[Recorded data]
/---
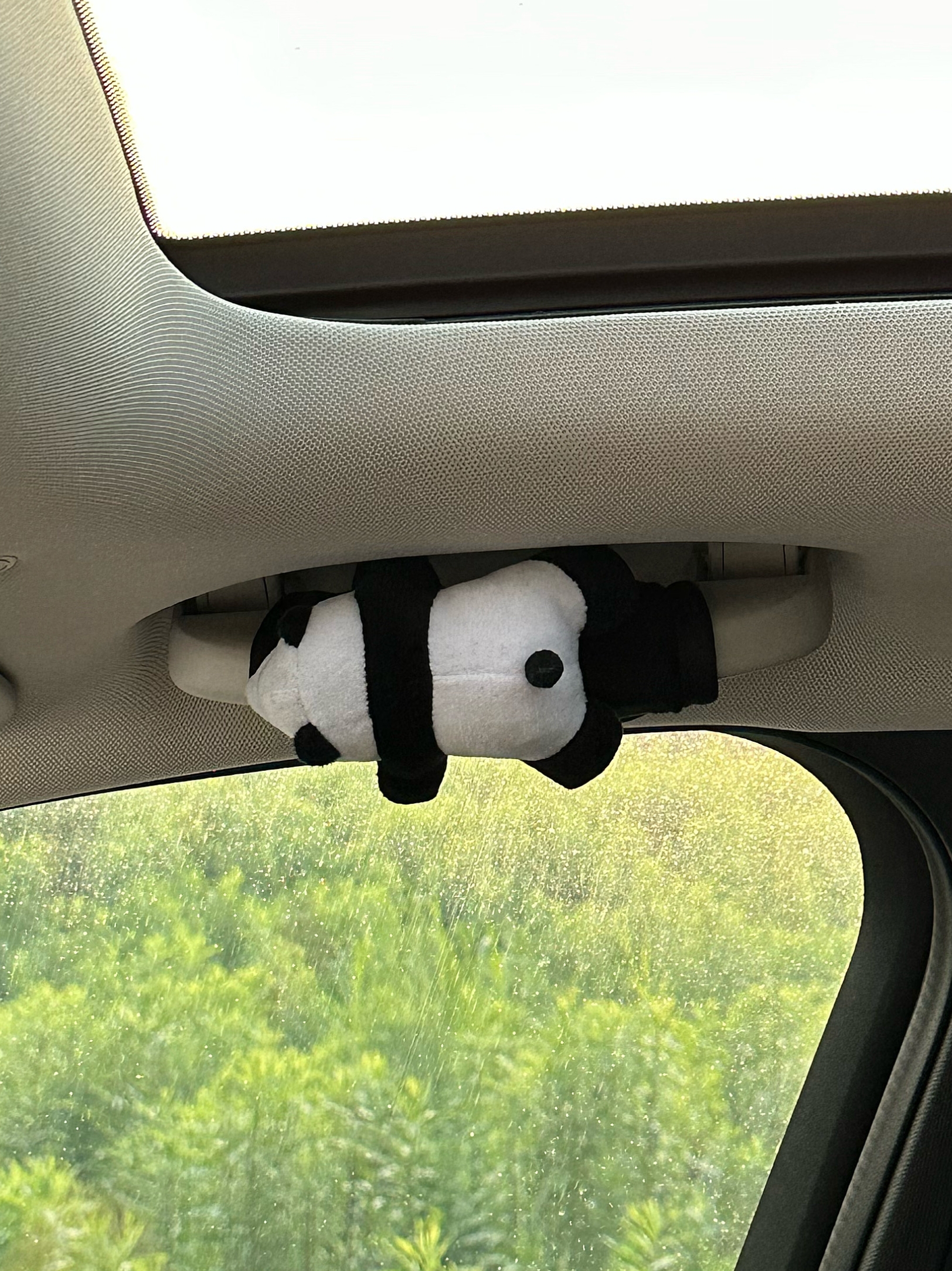 汽车顶拉把车套可爱熊猫车饰汽车男女通用手刹套车内门把手保护套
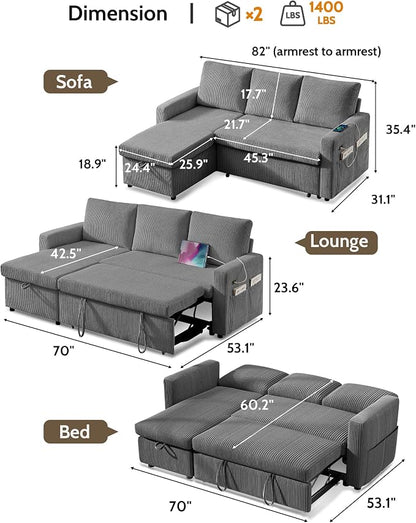 WEUP 82" L Shaped Sectional Sleeper Sofa Bed with Pull Out Bed, Sectional Sleeper Couch Pull Out Couch with Reclining Backrest/Reversible Storage Chaise/USB Ports/Tool-Free Assembly, Corduroy Grey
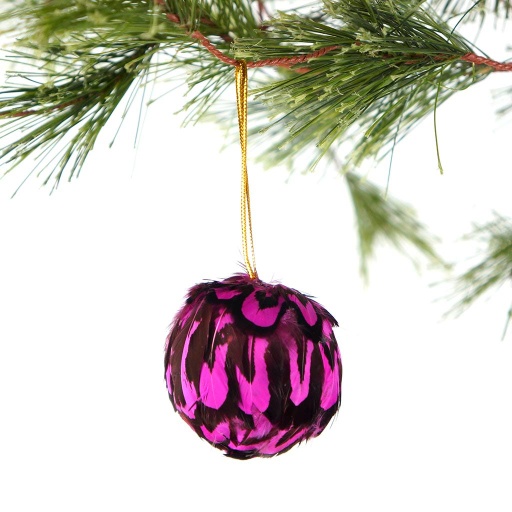 [O2VPD--VB] Venery Pheasant Ornament Dyed 2 inch --Very Berry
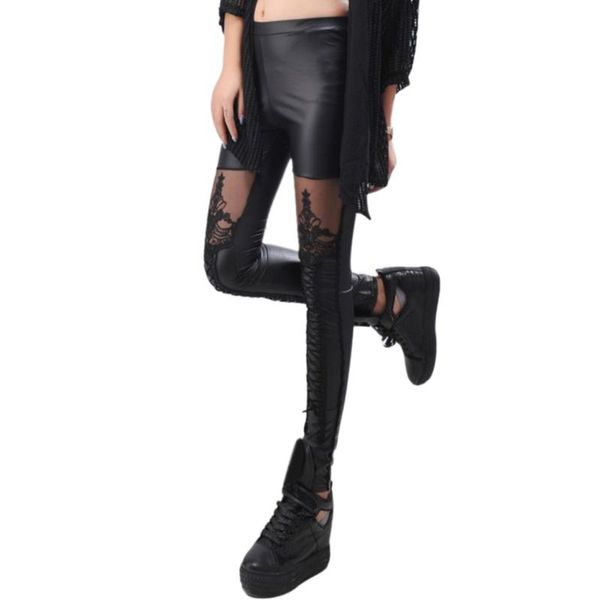 women's leggings women lace embroidered pants punk leather stitching cropped bottoming tc21, Black
women's leggings women lace embroidered pants punk leather stitching cropped bottoming tc21, Black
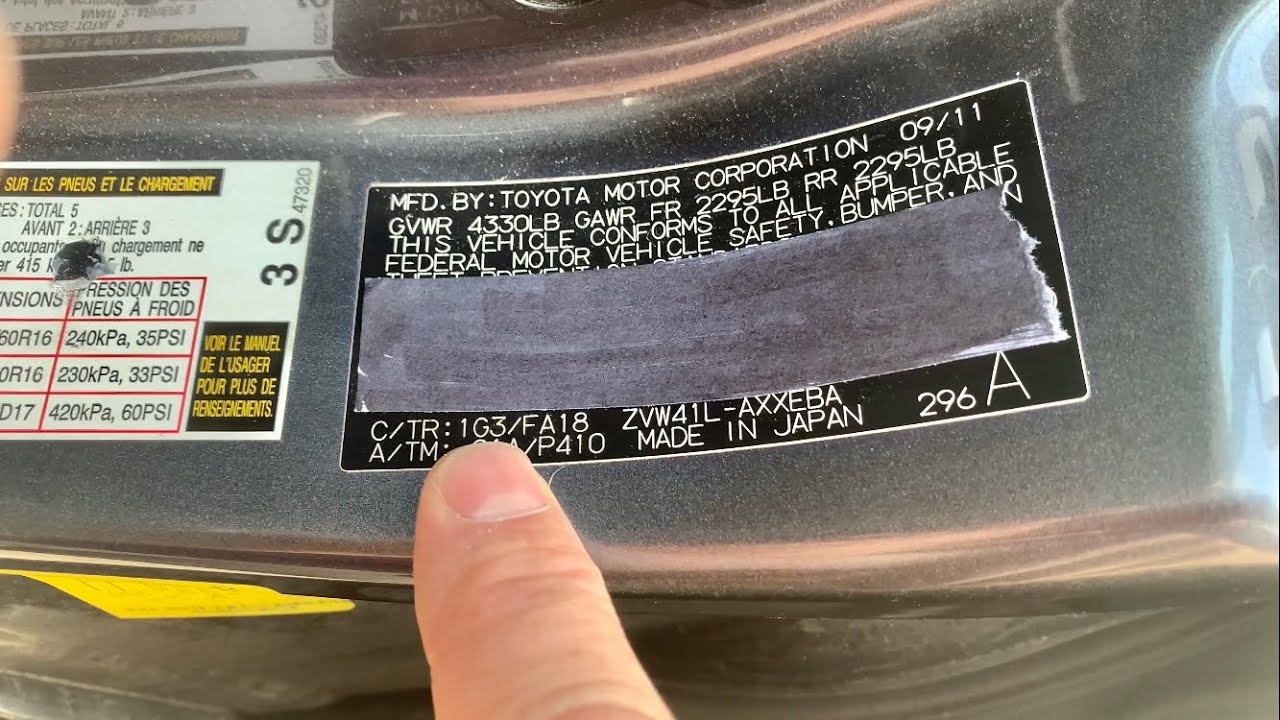 How To Find The Paint Color Code On A Toyota Prius Youtube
\---
▸ **What to work on**:
All of the data above is to be repeated exactly, with the pictures left out.

▸ **Task response**:
 汽车顶拉把车套可爱熊猫车饰汽车男女通用手刹套车内门把手保护套
 WEUP 82" L Shaped Sectional Sleeper Sofa Bed with Pull Out Bed, Sectional Sleeper Couch Pull Out Couch with Reclining Backrest/Reversible Storage Chaise/USB Ports/Tool-Free Assembly, Corduroy Grey
 [O2VPD--VB] Venery Pheasant Ornament Dyed 2 inch --Very Berry
 women's leggings women lace embroidered pants punk leather stitching cropped bottoming tc21, Black
women's leggings women lace embroidered pants punk leather stitching cropped bottoming tc21, Black
 How To Find The Paint Color Code On A Toyota Prius Youtube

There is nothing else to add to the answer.